• [PROBLEM DETAILS] Give again, exactly as written, the lines of the records below from the line with "Myers, FL 33917" to the line with "Opel Insignia, 2009". Both end lines count; pictures do not.

• [INFORMATION SUPPLIED]
_____
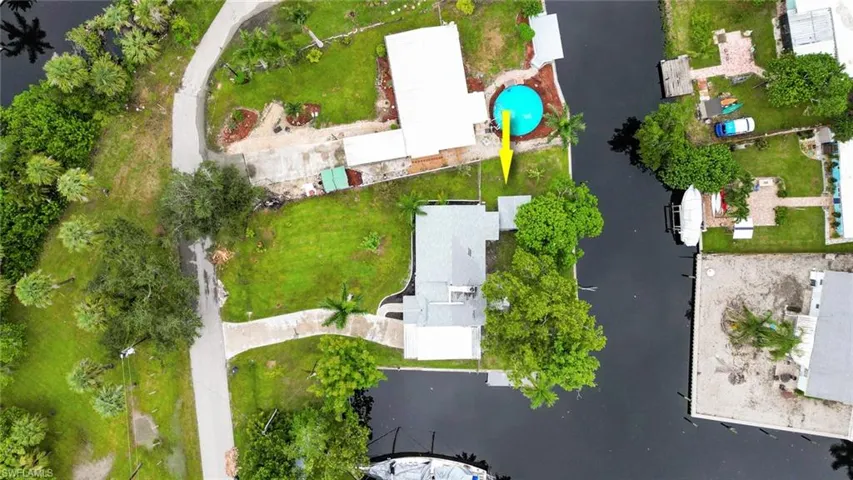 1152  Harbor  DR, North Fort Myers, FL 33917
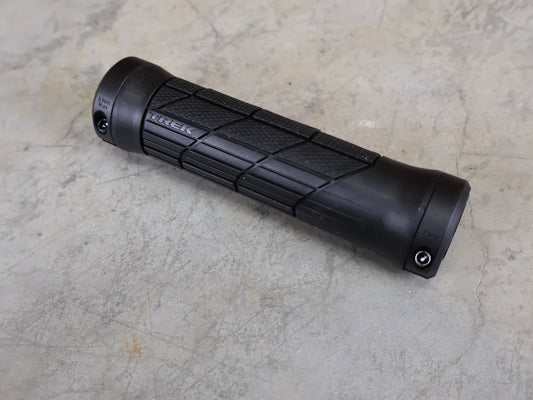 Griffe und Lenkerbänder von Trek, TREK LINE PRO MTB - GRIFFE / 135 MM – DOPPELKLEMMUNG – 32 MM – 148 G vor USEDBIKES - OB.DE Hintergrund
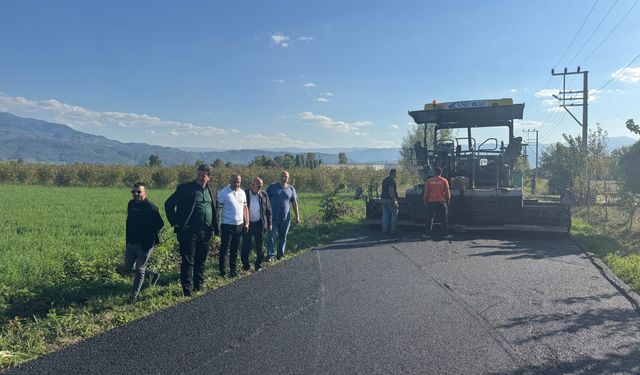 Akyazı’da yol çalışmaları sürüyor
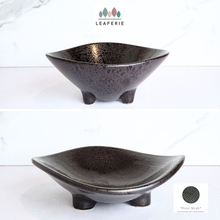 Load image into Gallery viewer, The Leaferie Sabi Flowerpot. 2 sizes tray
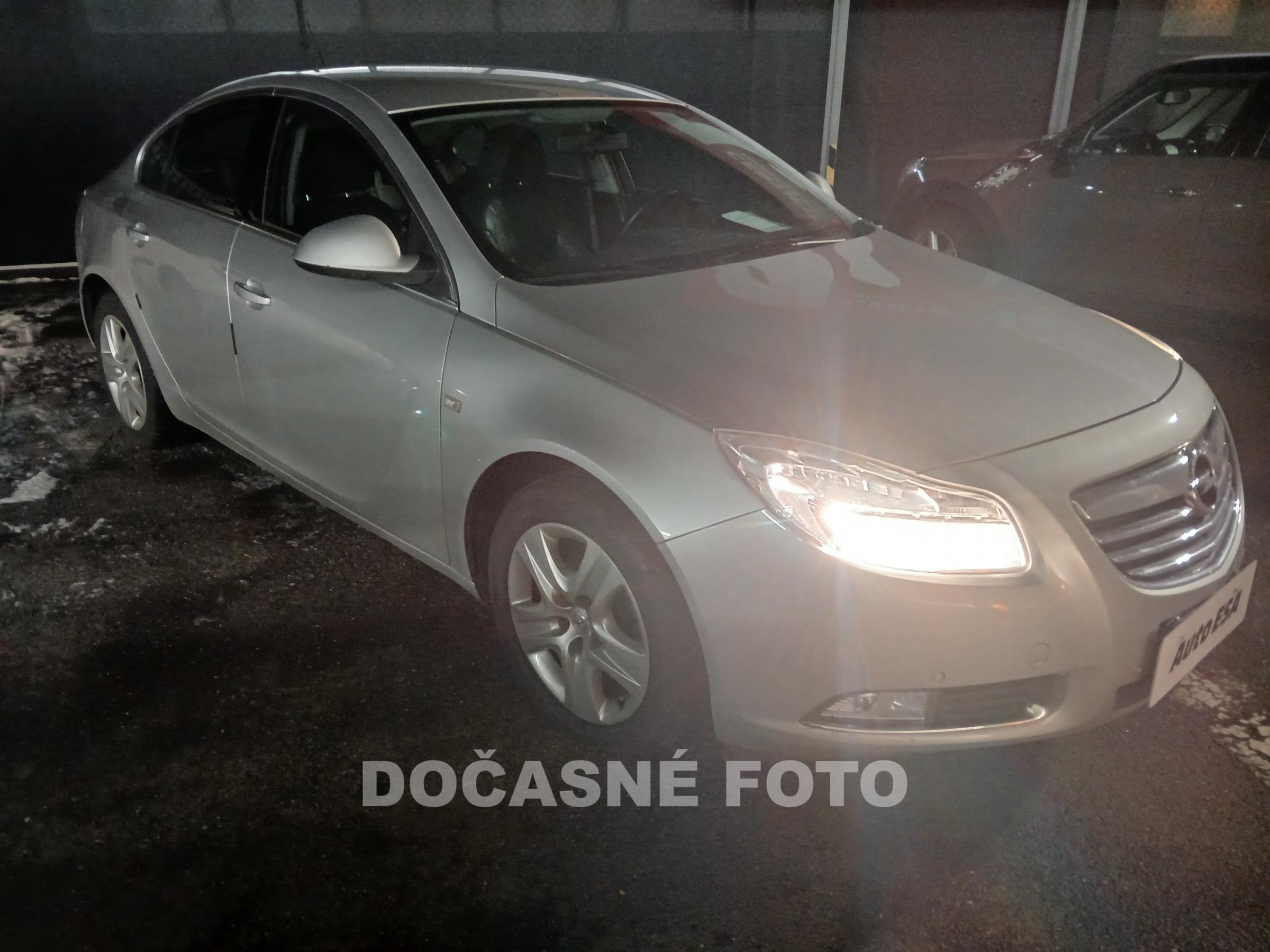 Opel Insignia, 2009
_____
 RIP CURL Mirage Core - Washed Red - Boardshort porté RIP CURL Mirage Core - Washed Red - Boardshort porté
_____
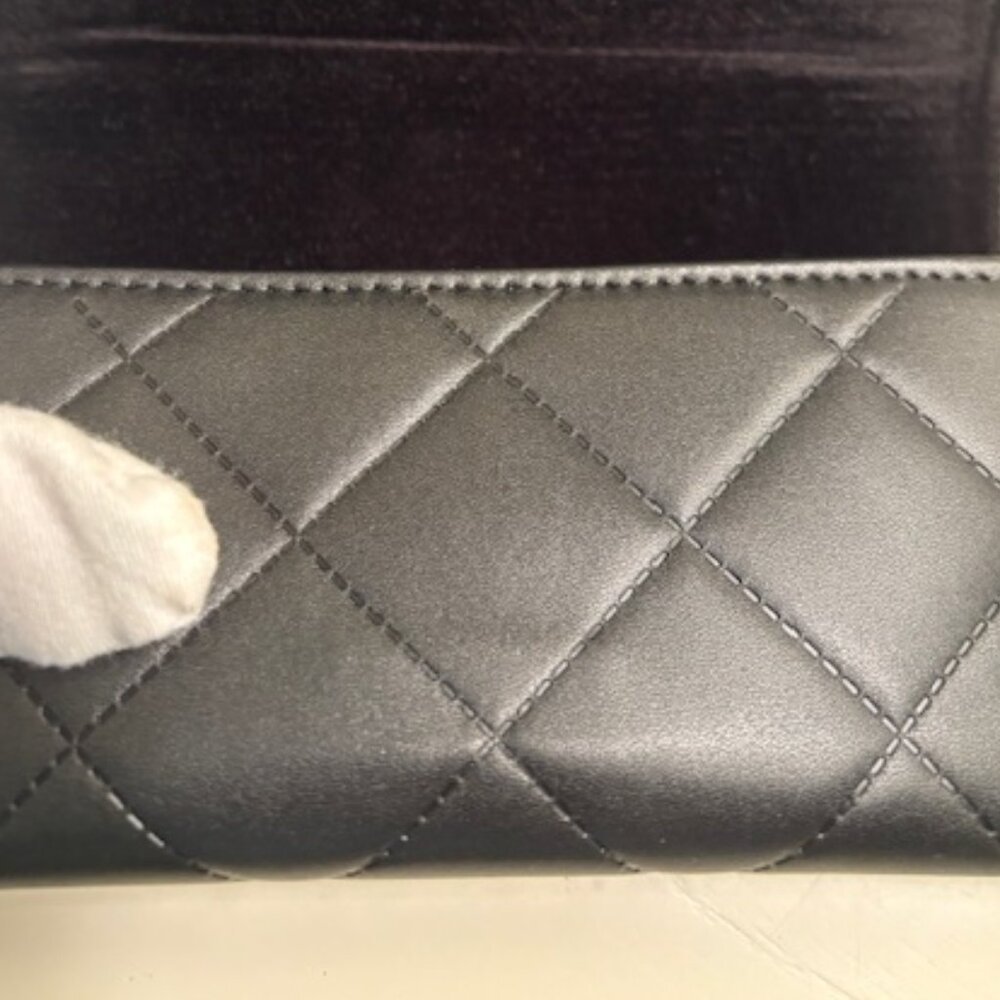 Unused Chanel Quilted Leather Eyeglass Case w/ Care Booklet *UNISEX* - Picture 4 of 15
_____
• [OUTPUT OF THE TASK]
 1152  Harbor  DR, North Fort Myers, FL 33917
 Griffe und Lenkerbänder von Trek, TREK LINE PRO MTB - GRIFFE / 135 MM – DOPPELKLEMMUNG – 32 MM – 148 G vor USEDBIKES - OB.DE Hintergrund
 Akyazı’da yol çalışmaları sürüyor
 Load image into Gallery viewer, The Leaferie Sabi Flowerpot. 2 sizes tray
 Opel Insignia, 2009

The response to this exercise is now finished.